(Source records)
>>>
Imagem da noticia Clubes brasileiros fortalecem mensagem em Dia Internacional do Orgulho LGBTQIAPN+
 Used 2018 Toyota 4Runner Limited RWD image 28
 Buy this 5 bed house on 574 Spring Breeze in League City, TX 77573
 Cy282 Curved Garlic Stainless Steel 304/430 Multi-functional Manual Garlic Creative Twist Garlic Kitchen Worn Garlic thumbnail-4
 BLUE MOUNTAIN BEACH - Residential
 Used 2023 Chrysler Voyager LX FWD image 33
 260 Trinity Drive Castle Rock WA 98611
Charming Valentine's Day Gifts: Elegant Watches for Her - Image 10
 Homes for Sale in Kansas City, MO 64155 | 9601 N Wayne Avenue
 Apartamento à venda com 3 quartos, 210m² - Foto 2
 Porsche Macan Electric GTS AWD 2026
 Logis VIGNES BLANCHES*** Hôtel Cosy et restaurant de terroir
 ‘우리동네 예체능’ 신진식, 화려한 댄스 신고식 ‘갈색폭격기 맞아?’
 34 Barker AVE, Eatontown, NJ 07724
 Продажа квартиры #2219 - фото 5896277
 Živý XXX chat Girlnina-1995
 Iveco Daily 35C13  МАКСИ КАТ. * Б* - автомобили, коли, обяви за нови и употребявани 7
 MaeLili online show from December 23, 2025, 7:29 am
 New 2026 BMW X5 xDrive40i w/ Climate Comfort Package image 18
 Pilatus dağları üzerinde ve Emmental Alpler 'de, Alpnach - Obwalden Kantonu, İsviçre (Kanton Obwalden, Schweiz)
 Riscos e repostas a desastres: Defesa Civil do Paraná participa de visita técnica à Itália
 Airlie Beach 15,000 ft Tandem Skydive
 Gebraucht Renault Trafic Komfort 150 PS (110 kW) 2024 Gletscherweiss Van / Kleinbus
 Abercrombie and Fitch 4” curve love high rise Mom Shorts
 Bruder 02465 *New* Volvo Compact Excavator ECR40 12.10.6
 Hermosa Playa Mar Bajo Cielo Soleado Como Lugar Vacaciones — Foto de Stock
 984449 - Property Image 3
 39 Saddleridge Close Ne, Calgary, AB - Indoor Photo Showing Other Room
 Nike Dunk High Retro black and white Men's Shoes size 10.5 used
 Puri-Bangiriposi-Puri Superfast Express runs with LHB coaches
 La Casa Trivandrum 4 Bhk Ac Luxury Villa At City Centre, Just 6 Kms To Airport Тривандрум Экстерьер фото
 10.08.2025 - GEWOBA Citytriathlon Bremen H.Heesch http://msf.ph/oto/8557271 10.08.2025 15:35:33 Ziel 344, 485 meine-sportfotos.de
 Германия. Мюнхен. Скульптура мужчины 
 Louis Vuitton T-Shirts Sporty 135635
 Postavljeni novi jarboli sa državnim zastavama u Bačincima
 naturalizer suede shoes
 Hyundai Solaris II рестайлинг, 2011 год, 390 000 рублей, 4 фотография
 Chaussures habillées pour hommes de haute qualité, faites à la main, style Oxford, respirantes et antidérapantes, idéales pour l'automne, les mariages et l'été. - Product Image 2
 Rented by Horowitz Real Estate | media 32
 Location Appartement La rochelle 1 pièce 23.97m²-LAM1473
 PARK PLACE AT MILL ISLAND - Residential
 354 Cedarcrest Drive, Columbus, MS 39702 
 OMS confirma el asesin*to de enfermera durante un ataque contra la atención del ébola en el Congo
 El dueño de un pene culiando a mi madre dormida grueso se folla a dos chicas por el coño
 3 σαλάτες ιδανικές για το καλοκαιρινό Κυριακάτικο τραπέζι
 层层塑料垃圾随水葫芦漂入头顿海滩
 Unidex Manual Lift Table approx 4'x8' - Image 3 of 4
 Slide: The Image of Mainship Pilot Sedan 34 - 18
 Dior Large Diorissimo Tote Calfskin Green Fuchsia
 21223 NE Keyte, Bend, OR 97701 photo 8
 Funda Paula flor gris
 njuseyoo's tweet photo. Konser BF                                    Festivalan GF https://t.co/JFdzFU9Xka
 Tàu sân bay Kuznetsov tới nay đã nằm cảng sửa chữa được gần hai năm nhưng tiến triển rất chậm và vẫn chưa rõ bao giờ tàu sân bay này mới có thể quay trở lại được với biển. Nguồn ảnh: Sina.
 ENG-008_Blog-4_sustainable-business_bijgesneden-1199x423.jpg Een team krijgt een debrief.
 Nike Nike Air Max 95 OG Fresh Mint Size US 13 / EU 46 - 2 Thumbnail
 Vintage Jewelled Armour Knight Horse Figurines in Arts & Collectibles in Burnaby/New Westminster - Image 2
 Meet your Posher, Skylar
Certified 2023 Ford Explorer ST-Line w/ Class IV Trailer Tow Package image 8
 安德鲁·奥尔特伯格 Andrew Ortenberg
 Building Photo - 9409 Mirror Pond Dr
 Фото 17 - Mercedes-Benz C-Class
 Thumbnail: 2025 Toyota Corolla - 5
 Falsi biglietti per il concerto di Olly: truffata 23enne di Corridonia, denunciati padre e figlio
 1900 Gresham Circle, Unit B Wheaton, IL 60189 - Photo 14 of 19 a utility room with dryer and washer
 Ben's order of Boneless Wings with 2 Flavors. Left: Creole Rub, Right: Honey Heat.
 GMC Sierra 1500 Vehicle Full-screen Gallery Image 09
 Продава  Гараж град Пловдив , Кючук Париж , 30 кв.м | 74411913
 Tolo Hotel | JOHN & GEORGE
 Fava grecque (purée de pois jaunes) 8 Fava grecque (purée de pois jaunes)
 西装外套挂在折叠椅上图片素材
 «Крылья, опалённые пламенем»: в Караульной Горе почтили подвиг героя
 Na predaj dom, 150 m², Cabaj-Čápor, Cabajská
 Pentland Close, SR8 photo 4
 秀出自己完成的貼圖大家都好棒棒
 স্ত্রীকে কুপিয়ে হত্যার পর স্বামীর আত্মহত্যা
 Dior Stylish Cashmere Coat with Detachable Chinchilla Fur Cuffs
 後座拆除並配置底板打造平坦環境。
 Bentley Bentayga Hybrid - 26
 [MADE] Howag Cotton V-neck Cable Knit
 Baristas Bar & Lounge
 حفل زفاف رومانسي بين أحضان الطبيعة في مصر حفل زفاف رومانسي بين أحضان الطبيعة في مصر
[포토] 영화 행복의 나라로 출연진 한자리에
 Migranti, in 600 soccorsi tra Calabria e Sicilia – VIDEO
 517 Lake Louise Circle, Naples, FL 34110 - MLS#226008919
<<<
Copy the lines above exactly, beginning at the line that has "Chaussures habillées pour" and stopping after the line that has "354 Cedarcrest Drive, Columbus, MS 39702", and omit the rest.

**Response to the exercise:**
 Chaussures habillées pour hommes de haute qualité, faites à la main, style Oxford, respirantes et antidérapantes, idéales pour l'automne, les mariages et l'été. - Product Image 2
 Rented by Horowitz Real Estate | media 32
 Location Appartement La rochelle 1 pièce 23.97m²-LAM1473
 PARK PLACE AT MILL ISLAND - Residential
 354 Cedarcrest Drive, Columbus, MS 39702 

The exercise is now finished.